We should have no sympathy for those who face infringements, charges, ridicule and embarrassment.
I don’t think there’s a valid point to consider in the haphazard and mixed messages that came from Saturday.
Just look at the placards held and the words hysterically screeched.
Covid-19 is a hoax. The vaccine is deadly. Governments are attempting some kind of nefarious takeover. It’s all a massive conspiracy. Lockdowns don’t work. We live in a police state. Our human rights are being infringed. Restrictions are illegal. Vaccines are dangerous.
And the blood of Christ is an effective inoculation.
There’s a lot to unpack there, but in summary, most of those who descended on the city fall into one of two categories.

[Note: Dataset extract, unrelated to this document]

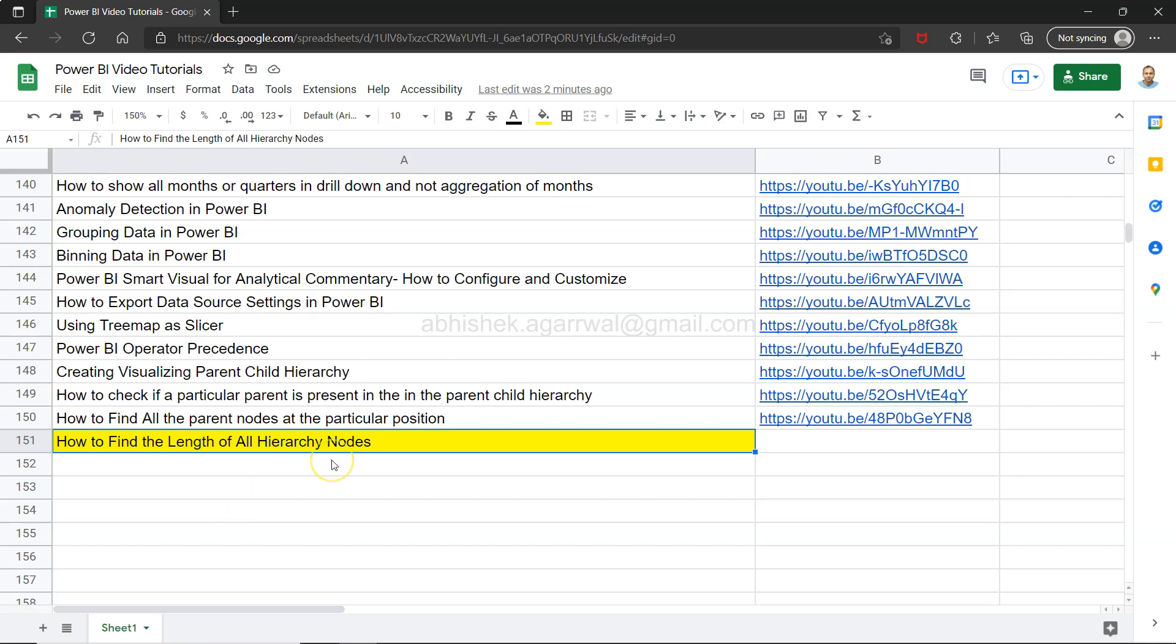Hello and welcome to the new Power BI tutorial video. In this video I want to show you how you can find the length of all hierarchy nodes within Power BI. From past two or three videos we have been working with the hierarchy and the different ways you can retrieve or manipulate hierarchies.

In one group you have people who have been asked to stay home, don a face mask and limit their movements for a period of time for the sake of the general population’s health and safety.
They find this sacrifice for the greater good too much to ask. Despite the vast majority of us doing the right thing and paying a price for it, they’re above that.
During the blitz in England in World War II, when Londoners were asked to live in darkness at night so German bombers couldn’t find easy targets, they probably would’ve refused and left their lights on for the sake of freedom.
In the second group are conspiracy theorists who view the covid vaccine as some kind of attempted mind control, the virus itself fake and the requirement to wear a face mask a human rights abuse on par with Rwanda.
Morons, the lot of them.
The stakes are too high for there to be an in between.
When you choose to associate yourself with self-centred whingers and fringe-dwelling extremists, you can’t call yourself scared and unsure.
Honestly, just look at the nonsense in the social media groups where these protests were organised. They’re full of batsh*t crazy stuff, from Jewish plots for global domination to 5G causing autism and the like.
Those who claim to have attended out of concern about the impact of restrictions or a sense of vaccine hesitancy have hitched their horse to one nutty wagon.
They could’ve done what any other reasonable person would.
Look at the science. Talk to your doctor. Seek assistance. Contribute to the battle against covid. Stand shoulder-to-shoulder with neighbours.
And think of someone other than yourself.
Shame on anyone who attended that self-indulgent crazy convention. They’ve made things a lot harder for the rest of us with their superspreader event.
May the images of their gleeful stupidity live on in perpetuity, following them to job interviews and Tinder dates, a permanent reminder of their self-centred stupidity.
Because that’s the thing about freedom.
You’re free to leave your homes while others stay in theirs and free to screech like a hyena in the streets about your civil rights.
But that freedom comes with consequences. Enjoy yours.